目が覚めて

あとで自分のしたことに気づくことがあるから。
目が覚めて身体が力を失っていることに気がついて軽い絶望に襲われるから。


この身体では何に関わることもできないから。言葉を連ねて何かに働き掛けている。肝腎な事は口に出せない。力が足りないから。誰かに迷惑を掛けたくないといっても、そうではなくてそこまで届かないから。


こっちを向いて。話を聞いて。私の言葉を聞いていてほしい。言えなくなることがまた一つ増えたのになぜ気づかなかったんだろう。
そこでしゃべっていて。同じトーンで。わがままは言わないから、これ以上は近づけやしないから、そこでしゃべっていて。


甘えすぎているのはわかっているけど、力がなくなり過ぎるのが怖くてどうにもならなくなるから。自分がどんなことをしているかはわかってる。なぜしているかもわかっている。でもそれは口に出さない。

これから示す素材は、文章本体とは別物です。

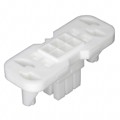 0015060061 - CONN RECEPT 6POS W/PANEL MOUNT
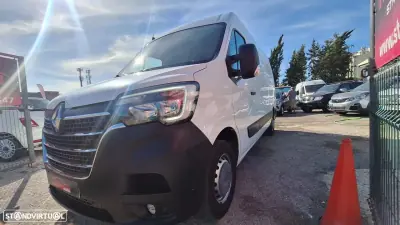 Renault Master 2.3 DCI L2H2 2021 - 19500 EUR, 156000 km - AUTO.MOTO.pt - 156000km - foto 18 de 23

書けないことばかりでおかしくなりそうになる。それなのに焦点ばかり合ってくるから。



こっちを向いて。話を聞いて。
痛みは深く身体の後ろに根を下ろしていて、何もどうにもならなくなって他にすべが見つけられない。少しだけ話していって。ここで安心できるように。もう少しそこで一緒にしゃべっていてほしい。やっぱりいなくなればいいと思っている。それがなぜかは言わない。